The economic crisis has hit young people particularly hard and more young people face increasing difficulties in setting their foothold into the labour market. Against this context, there is a broad consensus today among policy-makers, social partners and experts that apprenticeships can be an efficient solution to some of the present labour market imbalances and benefit both learners and employers.

By combining study and work, apprenticeships and work-based learning (WBL) can offer them an opportunity to acquire work experience while enhancing skills in close alignment with employer requirements. Because of their inherent relevance for the labour market, apprenticeships and work-based learning can help to reduce skills mismatch and ease transition from education to work.

Promoting alternate learning and work has been one of the key policy tools of the European policy agenda for youth employment from the Bruges Communiqué (7 December 2010) through the Council recommendation on establishing a Youth guarantee (22 April 2013) to the Council Declaration on the European Alliance for Apprenticeships (15 October 2013).

Cedefop supports the European alliance for apprenticeships (EAfA) through a range of complementary activities aimed at assessing the potential of apprenticeship and work-based learning (WBL) in different contexts. It supports Member States, social partners and other vocational education and training (VET) stakeholders in developing quality apprenticeships.

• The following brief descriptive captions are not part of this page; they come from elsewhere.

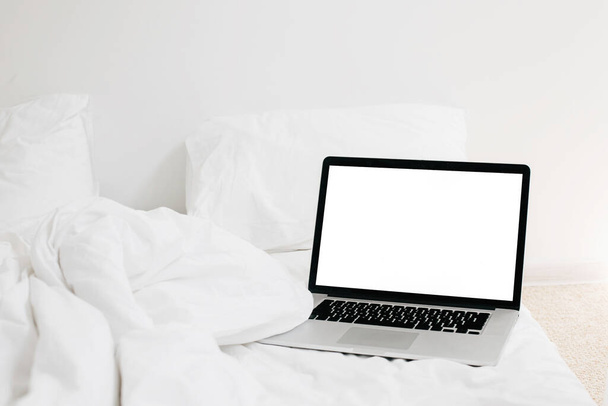 Laptop with blank white screen on white cozy bed in sunny light, copy space. Shopping online from bed. Working online from home. Mockup. Freelance concept. Staying home. Blog template - Photo, Image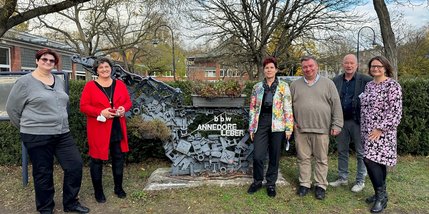 Mehrere Menschen stehen vor einer Skulptur mit dem Schriftzug "Annedore-Leber-BBW"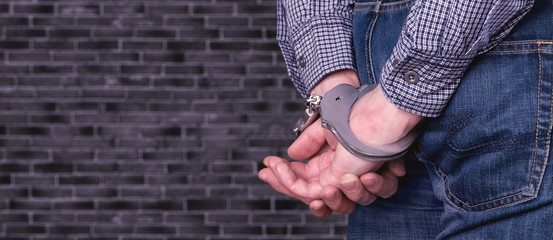 Cropped image of male hands in handcuffs behind his back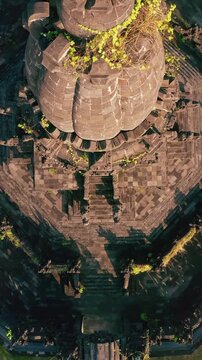 Bajra Sandhi or Monumen Taman Mumbul monument to the struggle for independence in the rays of the rising sun. Bali, Indonesia. 4K Aerial view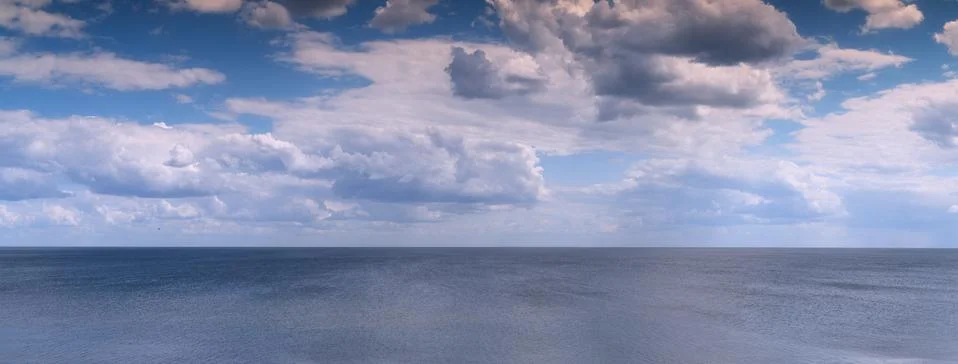 White clouds float across the blue sky above the sea-Pano Stock Photos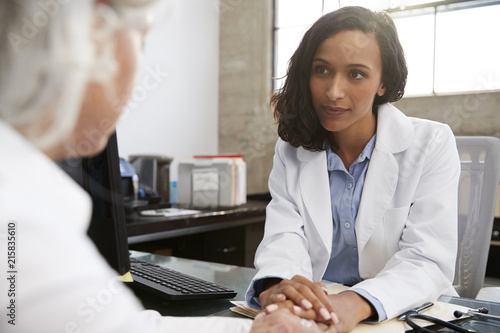 Young female doctor in consultation with senior patient photo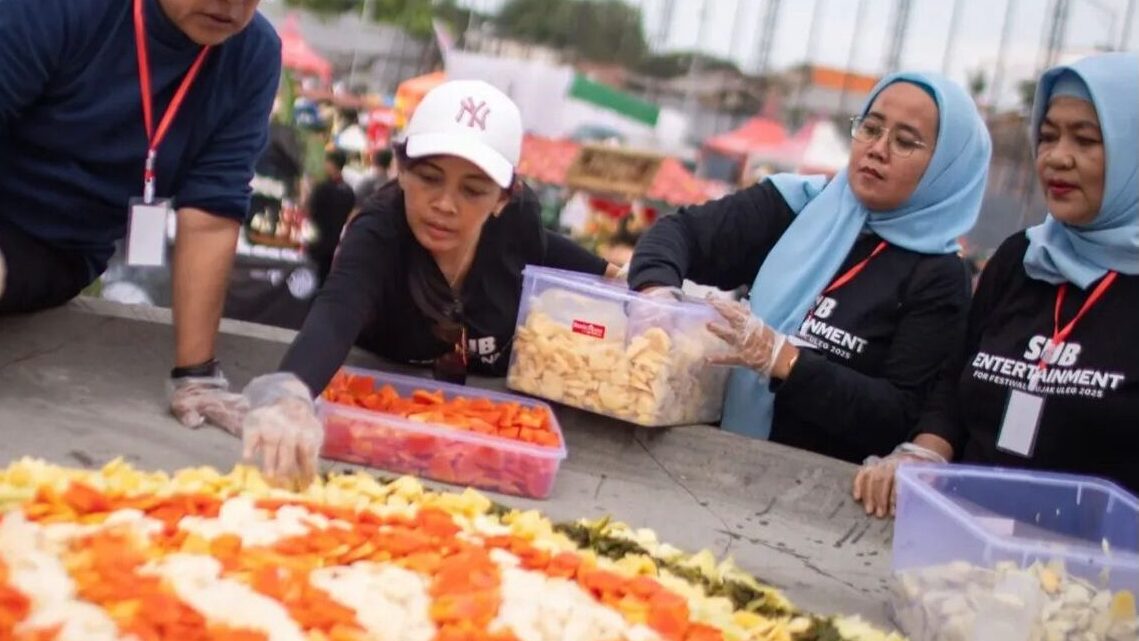 panitia sedang menata isian rujak pada cobek raksasa yang menajadi ikon festival rujak ulek suarabaya 2025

The Thematic focus on Apprenticeships and work-based learning structured programmes complements the information provided in VET in Europe country reports and through VET policy reporting. It offers detailed information for comparative analyses and helps understanding the specific features of apprenticeships and WBL programmes in each Member State, Iceland and Norway, in relation to policy challenges identified at the EU level, such as:

  • support for companies, in particular SMEs, offering company placements;
  • programme attractiveness and career guidance;
  • national governance, regulatory framework and social partners’ involvement; and
  • quality assurance.

It also identifies the main strengths and weaknesses of these schemes/programmes in each country.

Prepared in cooperation with ReferNet partners, this Thematic focus feeds into Cedefop’s activities relating to apprenticeships, in particular its support to the European Alliance for apprenticeships (EAfA). It has informed Cedefop’s expert input to the ET 2020 thematic working group on VET, which focuses on apprenticeships and WBL. It has also provided information for Thematic country reviews on apprenticeships piloted by Cedefop in Malta and Lithuania in 2014/15. Such Apprenticeships reviews, carried out in cooperation with volunteer countries (2015/16: Greece, Italy and Slovenia), will gradually expand the knowledge on apprenticeship across Europe.